Material for this exercise:
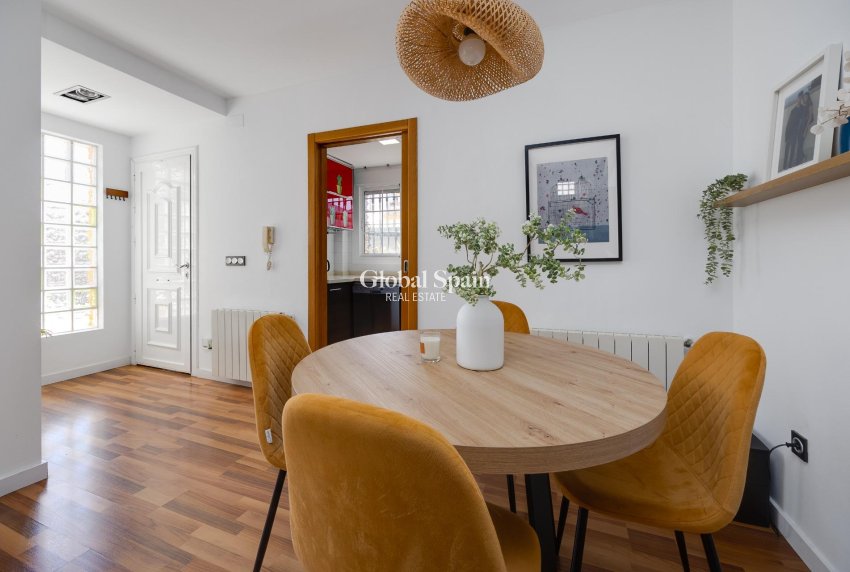 Wiederverkauf - VILLA -
LOS MONTESINOS - La Herrada
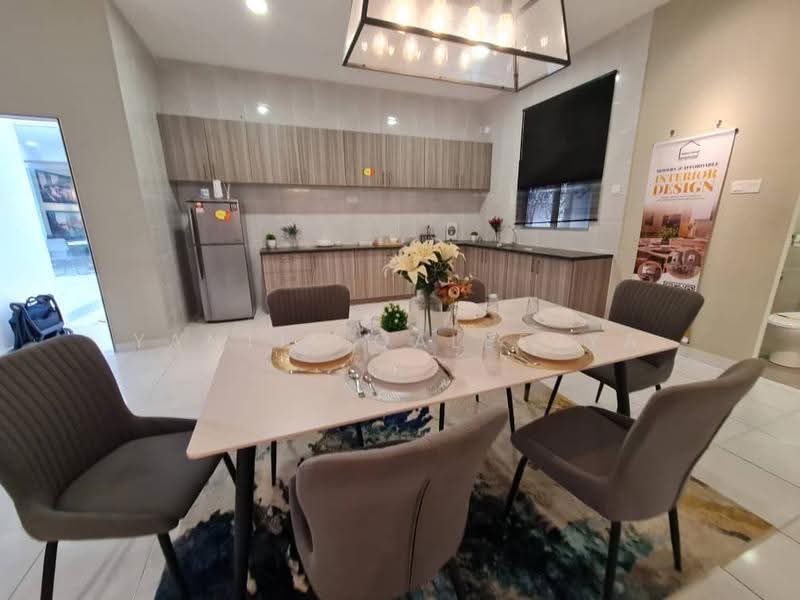 Condominium for Sale at Residensi Adelia 4 - Yantie Qaleesya - Dining Room - PropertyGuru.com.my
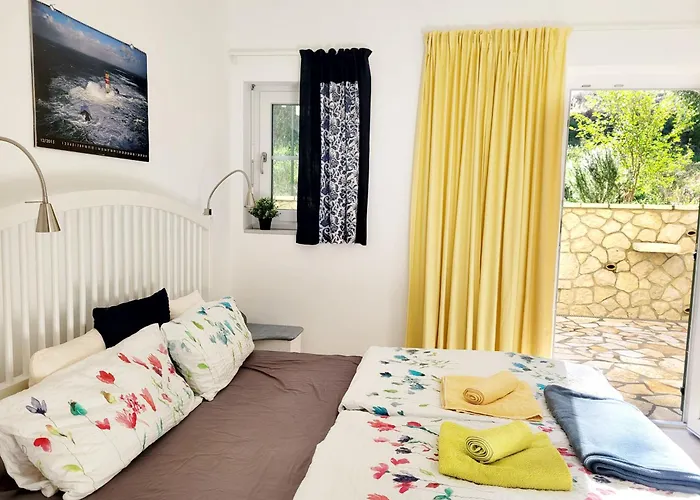 Gelbes Haus Korfu * Pithos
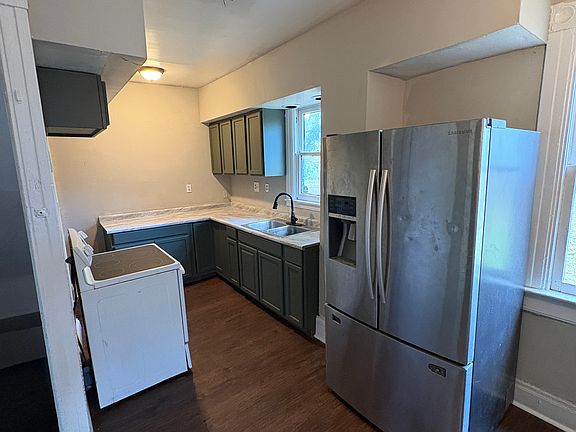4th image of 225 Lexington Ave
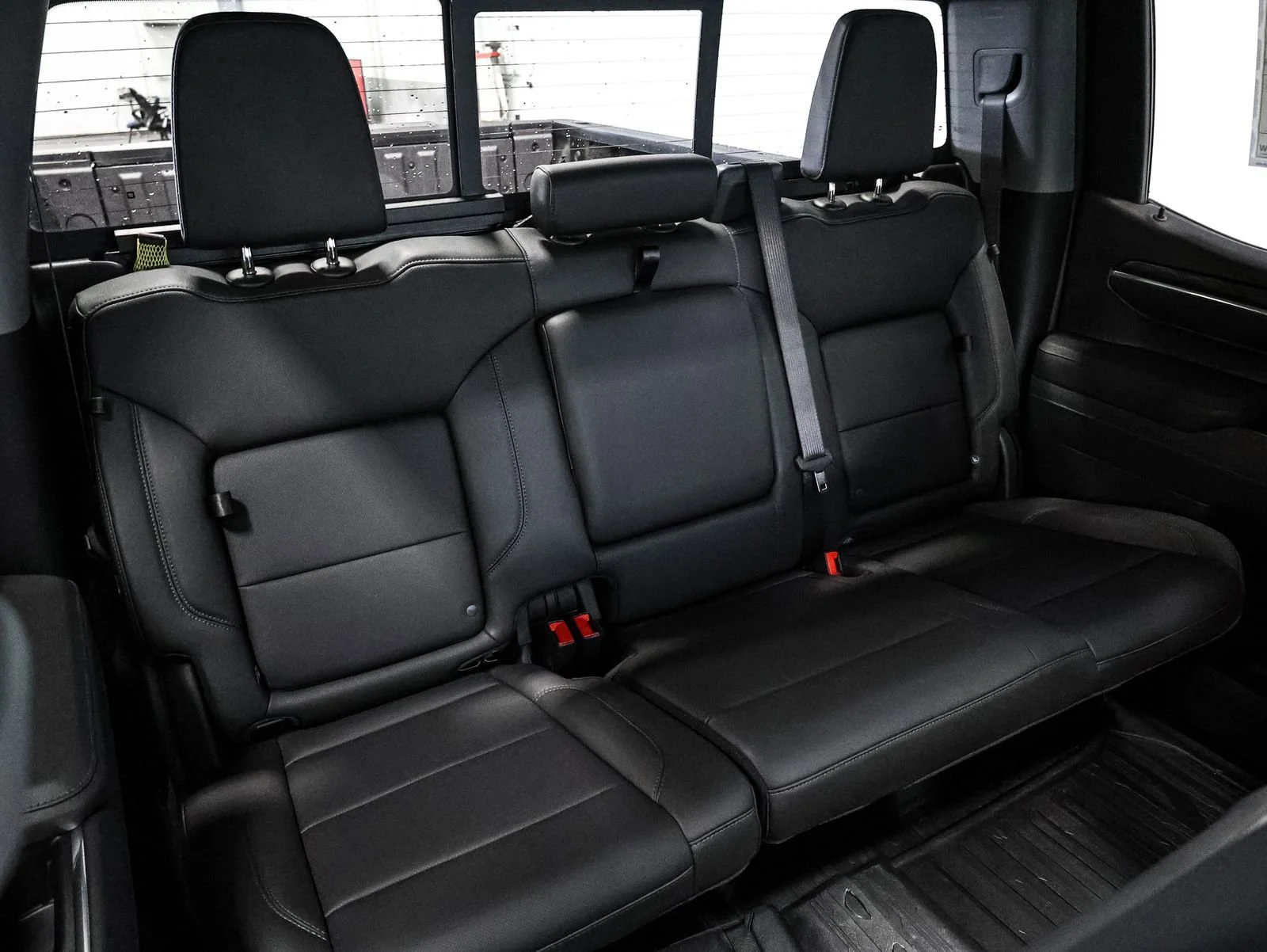 2026 GMC Sierra 1500 SLT - Photo 26
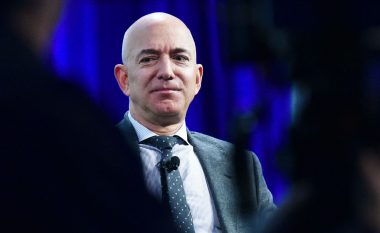 Jeff Bezos “rrëzon nga froni” Elon Musk për të rifituar titullin e njeriut më të pasur në botë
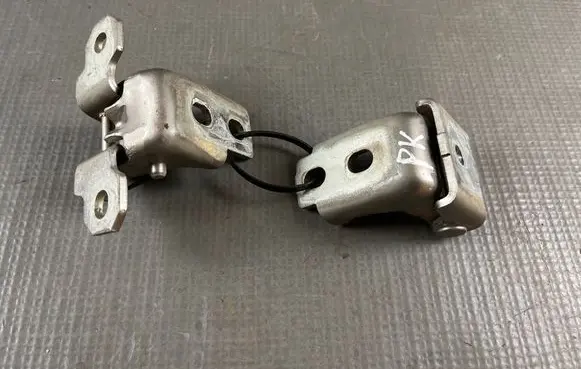 Renault Captur Front door hinge set 804200003R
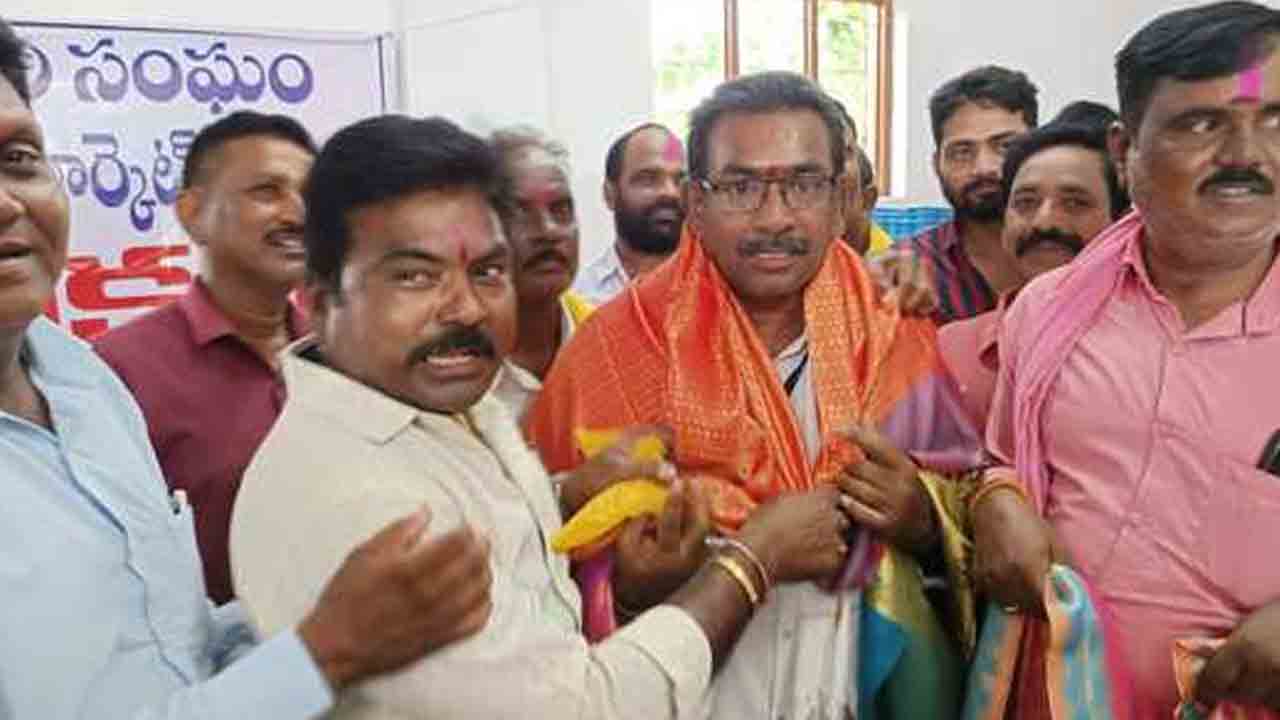 Election | మందమర్రి పద్మశాలి సంఘం అధ్యక్షుడిగా బత్తుల శ్రీనివాస్ ఎన్నిక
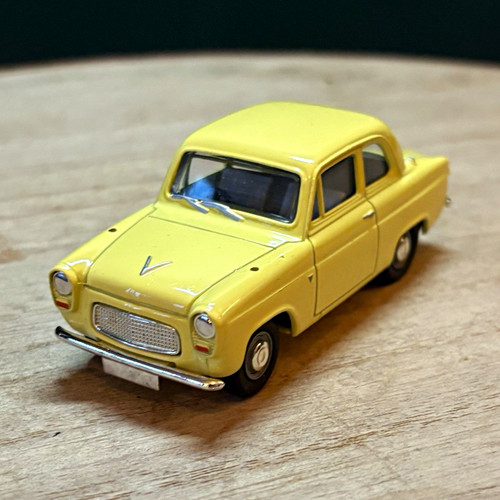 Vanguards ford 100e - 1:43,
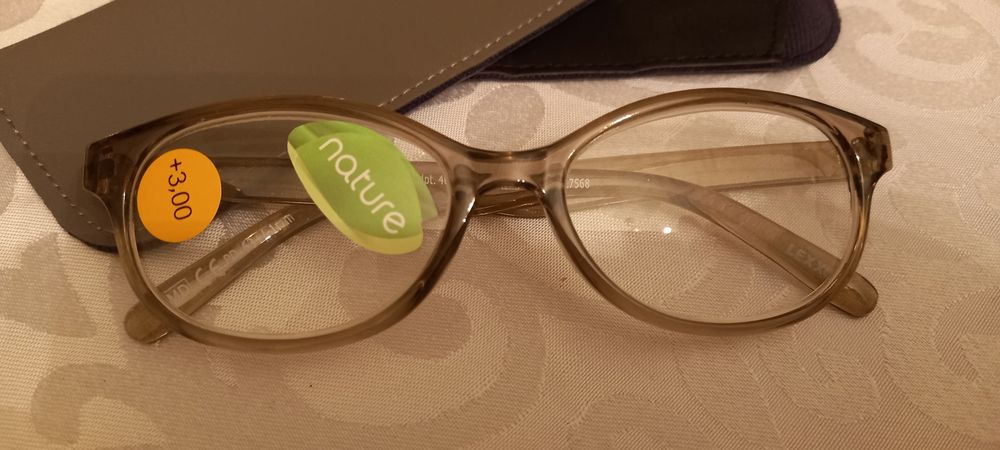 Нови немски очила за четене + 3,0 диоптъра, шарнир, кожен калъф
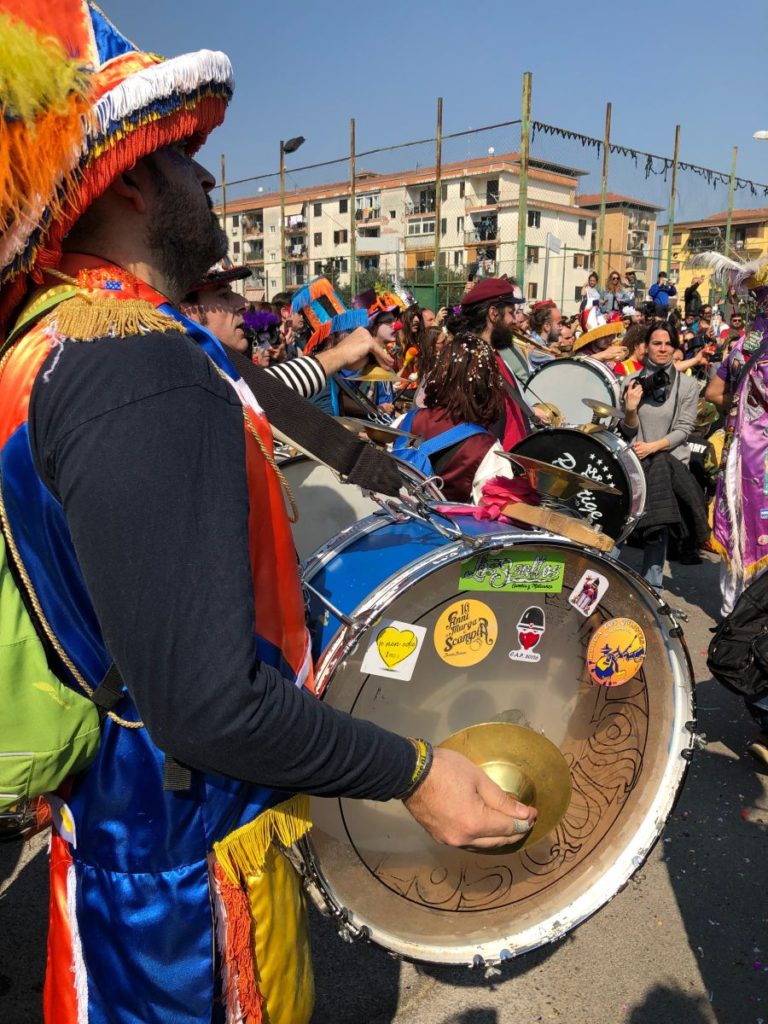 Musicista al carnevale di Scampia [Foto: Associazione culturale GoTellGo, CC BY, NC, SA]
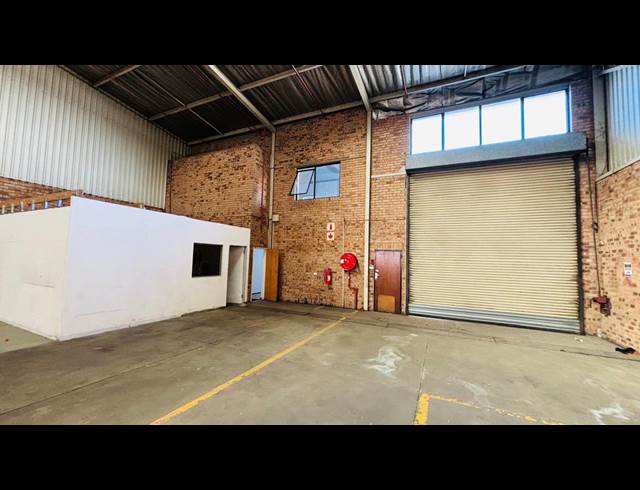 850M² WAREHOUSE TO LET IN STORMILL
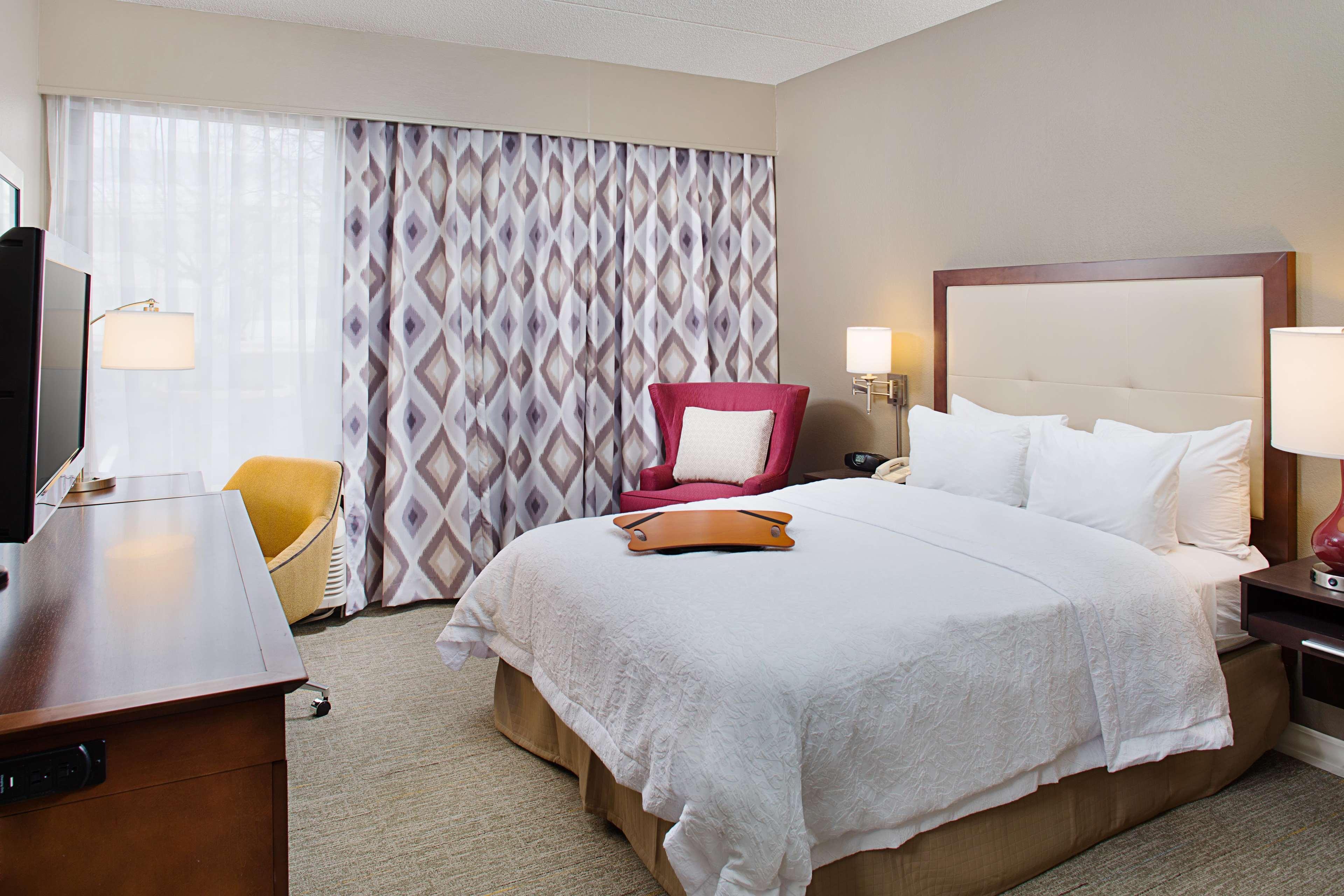 Hampton Inn Philadelphia/Willow Grove Exterior photo
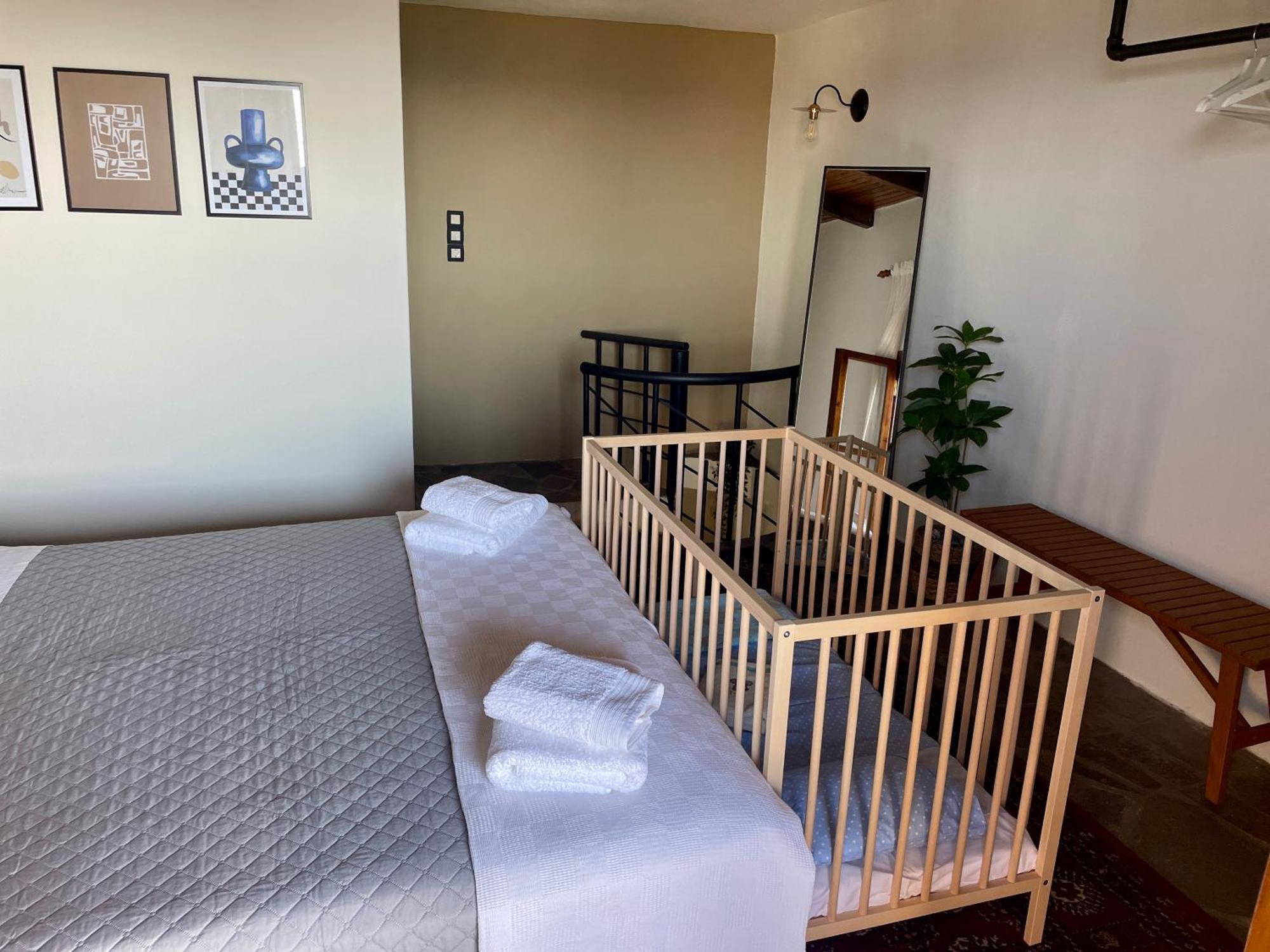 Almond Home Livadia  外观 照片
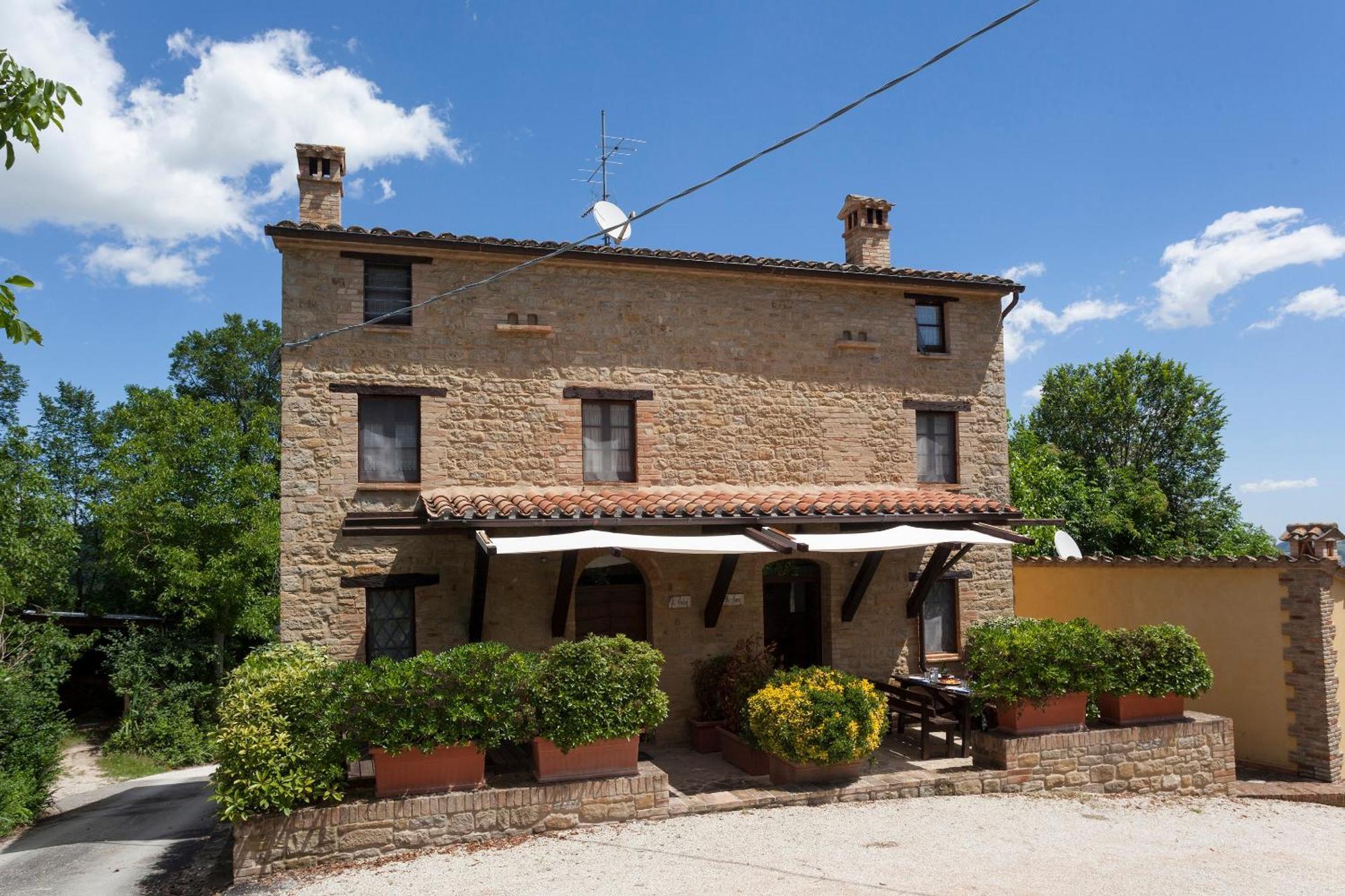 Agriturismo Tre Querce Penna San Giovanni Εξωτερικό φωτογραφία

Exercise requirements: Copy, exactly and exclusively, the lines beginning with the one that contains "Vanguards ford 100e" and ending with the last line of the listing; pictures are to be omitted.

Your solution:
 Vanguards ford 100e - 1:43,
 Нови немски очила за четене + 3,0 диоптъра, шарнир, кожен калъф
 Musicista al carnevale di Scampia [Foto: Associazione culturale GoTellGo, CC BY, NC, SA]
 850M² WAREHOUSE TO LET IN STORMILL
 Hampton Inn Philadelphia/Willow Grove Exterior photo
 Almond Home Livadia  外观 照片
 Agriturismo Tre Querce Penna San Giovanni Εξωτερικό φωτογραφία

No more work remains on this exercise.